His amazing draftsmanship was held as the foundation of his art, allowing for him to created detailed paintings while still keeping an impressionist touch to his work. The beauty of the impressionist style is the wide range of perspectives that can be uncovered. It does not solemnly focus on showcasing the exact event that is occurring, yet rather deep hues and shapes that manipulate the artwork into something else. This psychological still complexes the artwork into another emotion apart from what is occurring at the scene.

The painting of the dancers is based on the artist’s lust for showcasing ballerinas dancing. Degas had first started drawing nude woman bathing, then moved on to showcasing the rich movement of ballerinas dancing. The painting, Dancers, describes this exact phenomenon as a group of women prepare to dance. A horizontal line of women stand near one another against a wall as they prepare to depict their skills. The main character within the painting is the tall woman standing with her right arm against her hip, and her other arm against the wall. She bends one leg behind the other as she leans towards the other girls in preparation for their dance.

These young women are dressed in a light mint matching costume. The top part of the attire hugs across their chest with white lace detailing. Toward the bottom, the grand skirt expands into a tutu until the knees. Degas uses glimpses of light orange and pops of white throughout the ballerina’s dresses to add depth to them. Their legs are painted in a light nude pink that does not showcase exact shoes nor feet. Only the focal woman’s face is depicted with a few glimpses of detail through a pointy nose and eyes. The other woman’s faces within the painting are morphed and hidden.

Near the left of the painting, a curtain is painted as the ballerinas seem to be standing back stage awaiting their part. A glimpse of a green tutu is shown near the bottom left of the painting, hinting that there are many additional ballerinas. Their mint green dresses hold a contrast to the rest of the painting as there is a different colour scheme that is showcased. The back wall on which the woman holds her hand is painted in a swirling pattern of rich gold, orange, and azure shades. While the wall holds colours both in the warm and cool palette, the tones come together as one accentuating the woman. These colours add a deep contrast to the mint green colour of the woman’s dresses.

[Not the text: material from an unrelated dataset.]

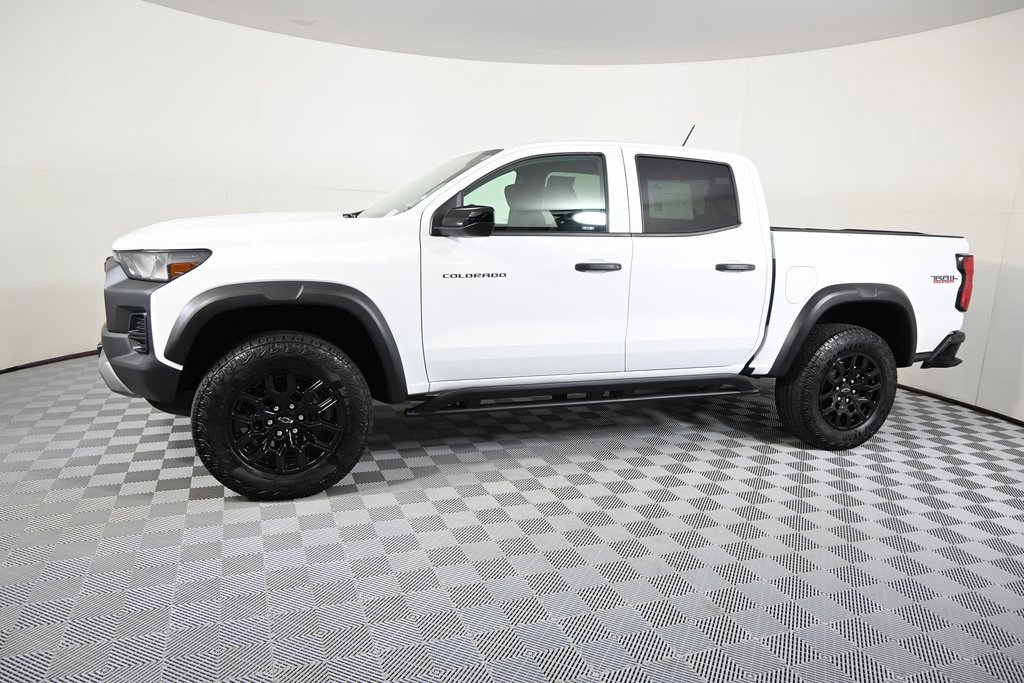 Used 2024 Chevrolet Colorado Trail Boss with VIN 1GCPTEEK2R1286356 for sale in Forest Lake, Minnesota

As the women await their turn in nervousness, the viewer is able to feel a hint of emotion upon looking at the stunning portrait. Edgar Degas held a magnificent gift through his ability to be able to portray emotion even in the most complex style. The traditional methods on which Degas has based his work had been transformed to a contemporary style, which in-turn allowed for the artist to gain the title of the founder of impressionist art. A few other paintings that hold a similar style to Dancers by Degas, include After The Bath, Portrait of a Young Woman, and Blue Dancers.